Ela ficou parada estática por alguns longos minutos, minutos que para o ruivo era quase uma eternidade tão longos, o tempo nunca passou tão devagar, Ino abria a boca e fecha deixando claro que não encontra as palavras que queria realmente dizer, seus pensamentos borbulharam de segundo em segundo e uma expressão cada vez mais assustada formava na sua face delicada.

– Ino... – ele começou novamente – eu sei que é meio chocante...

– Meio chocante?! – ela o interrompeu – é muito chocante! Olha tudo isso que eu acabei de descobrir, você não pode chegar na minha casa dizer essas coisas e pensar que vai ficar tudo bem.

– Eu não sou como eles.

– Você é um deles Gaara!!! – o julgou e Gaara não disse nada, a única realidade no mundo era que ela estava certa – seu bisavô iniciou um fortuna encima de uma sujeita, bilhões de dólares vindo de trafico de pessoas, trafico de pessoas Gaara, e um dia, que horror, um dia você vai ser dono de tudo isso.

– Eu não quero isso Ino, tem acreditar em mim!

– Naruto também nunca quis ser rico, Sasuke também nunca quis as empresas, eu não quero ser diplomata mas carrego um nome, acha que eles tem escolha? Acha que eu tenho escolha? Ach que um de nós te escolha?

– Eu tenho...

– NÃO TEMOS! – gritou finalizando as desculpas do ruiva de maneira brutal em seguida ela simplesmente deixou que as lagrimas escorressem pelo rosto primoroso transparecendo a tristeza e a decepção, pois Gaara para si sempre foi tão querido – não temos escolha – sussurrou — eu já não sei se consigo olhar na sua cara, imagine pensar que você me ama.

– Mas eu te amo.

– Eu não quero que me ame, eu tenho nojo de você.

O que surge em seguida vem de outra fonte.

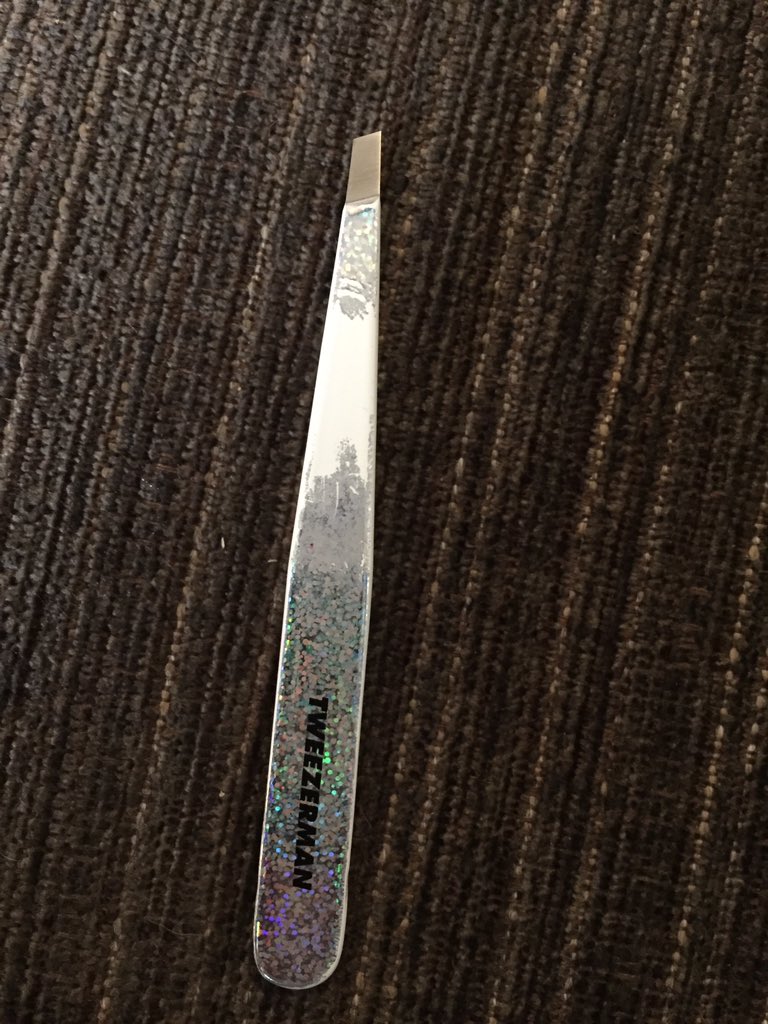 laurahird's tweet photo. @Trendi_ness @Tweezerman Don't bother buying the holographic - only had mine less than a month, it just comes off. Poor quality @Tweezerman #disappointed #lookscheap https://t.co/wMDUI84C0O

– Ino! – a voz de Inochi encerrou a conversa, Gaara nem sequer teve algum argumento tão oportunidade para se explicar ele não sabia o que dizer, ela não sabia o que pensar, era tudo tão repentino, era tudo tão assustador. O Yamanaka jurista desceu as escadarias indo ao encontro de sua filha e era impressionante a maneira como olhava para o ruivo e sorria, Inoichi Yamanaka era um homem muito justo, ajudava as pessoas lutava pelos direitos do povo, quantas quadrilhas, organizações, corruptos já havia prendido? Muitos, graças a ele o primeiro ministro chinês estava no corredor da morte por desvio de dinheiro, e ainda assim após ter descoberto tudo que havia descoberto sobre sua família o olhava sem medo sem ódio, como ele sempre fora o amigo de sua filha.

– Pai...

– O cativeiro de Hinata pegou fogo minha filha, ela e Naruto estão no hospital – as pupilas da loira se perderam em desespero – em estado grave.

– O que?

– Fugaku, acabou de me ligar, Riroki colocou uma bomba na casa velha, e Naruto deu um jeito de leva-la para o porão secreto embaixo da copa.

– Como ele sabia disso?

– Ninguém sabe, apesar de tudo ter desmoronado, os escombros os protegeram, eles estão no hospital, mas em estado grave – Inoichi fez um sinal com o braço chamando o motorista, ele olhou novamente para filha e viu que ela se segurava enquanto ao mesmo tempo com toda a rapidez rezava, rezava para que tudo ficasse bem – calma, Ino.

– Temos que ir lá!

– Nós, vamos, nós vamos – segurou nas bochechas coradas e admirou o rosto que era tão parecido com o da mãe, pois sentia falta daquela que um dia considerou amada – eles vão ficar bem querida, eles vão ficar bem.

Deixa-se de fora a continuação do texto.